All lines from the one containing "Oxalis fergusoniae (Oxalis fergusoniae)" through the last line of the listing should be given again exactly, with no pictures.

--------------------

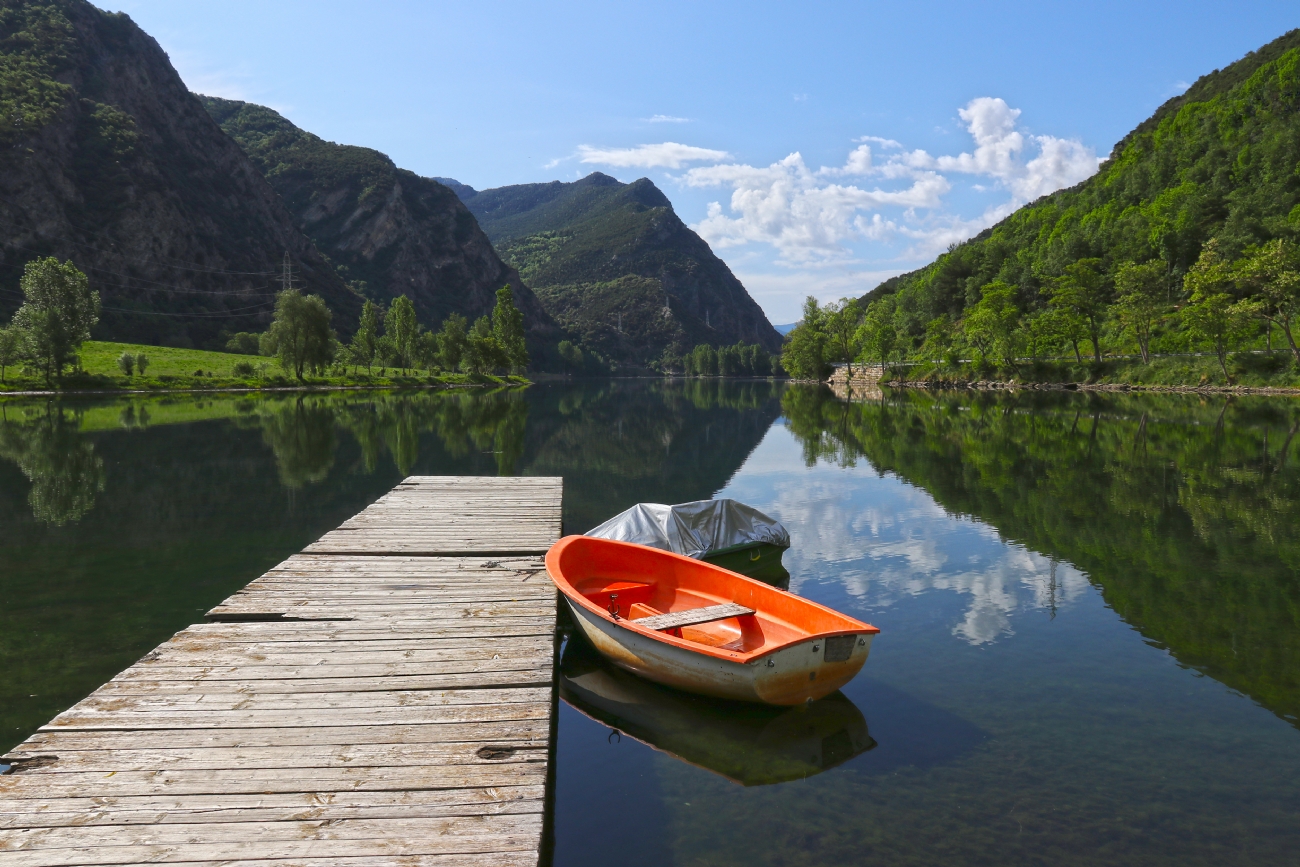 צילום: יעל מגרי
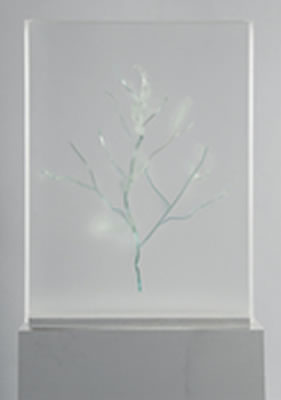 Drawing, 2004 by Hugo Suter - Auction record, sale price, and art valuation. Compare with similar artists and explore comparable artworks.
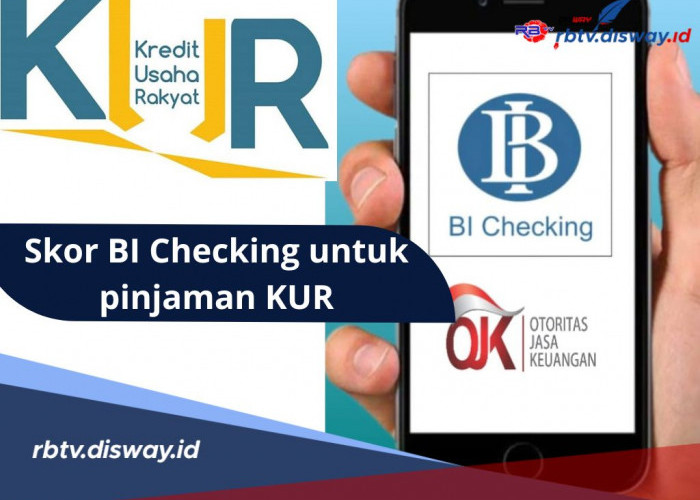 Penting! Segini Skor BI Cheking untuk Pinjaman KUR, Simak Penjelasannya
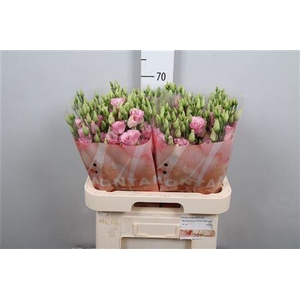 Eus G Lisanne L Pink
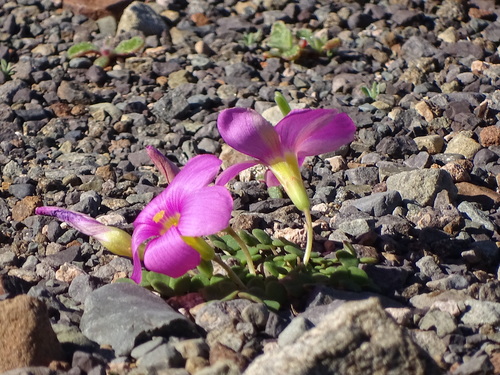 Oxalis fergusoniae (Oxalis fergusoniae)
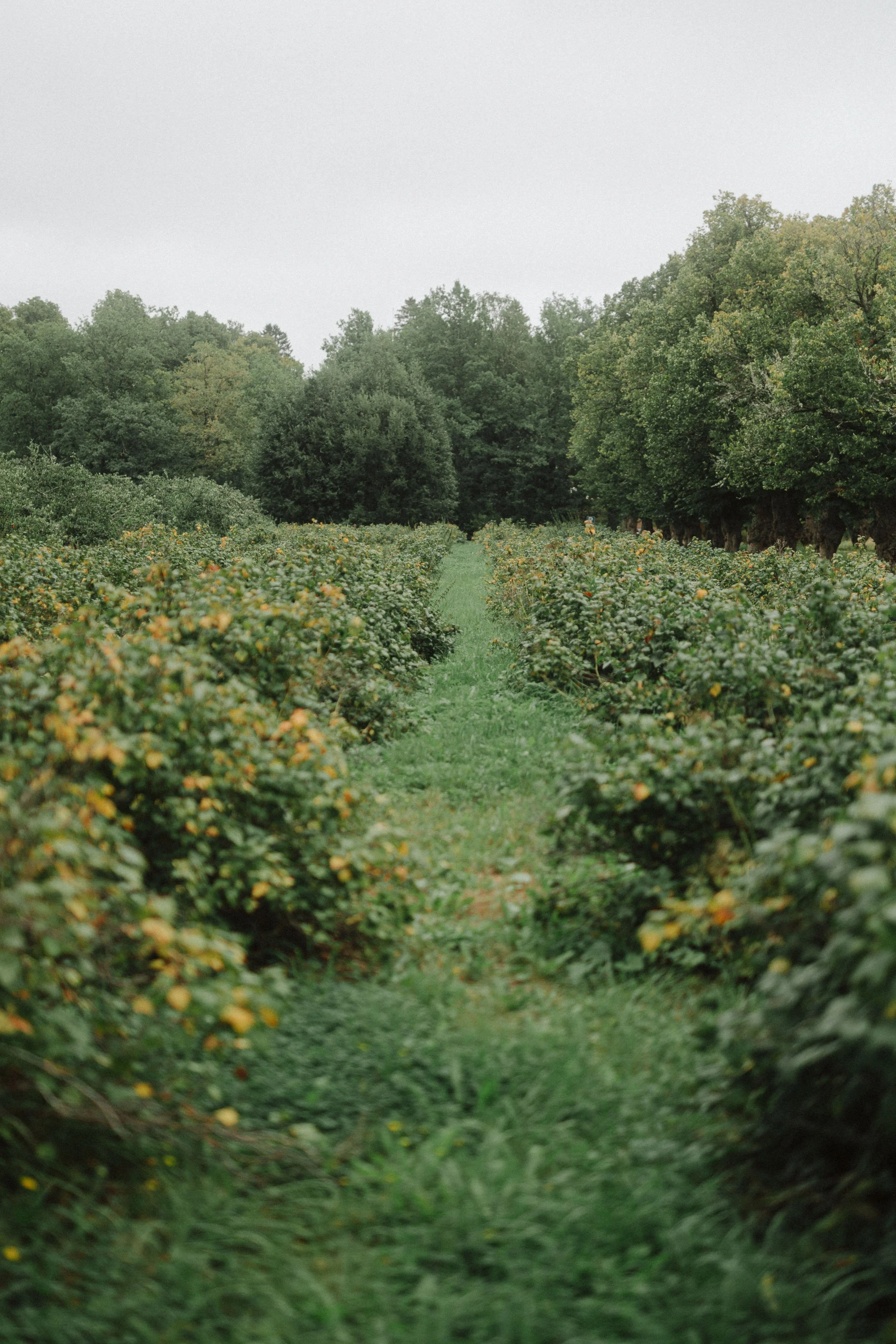 Aspit-portfolio (20 of 102).jpg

--------------------

Result of the task:
 Oxalis fergusoniae (Oxalis fergusoniae)
 Aspit-portfolio (20 of 102).jpg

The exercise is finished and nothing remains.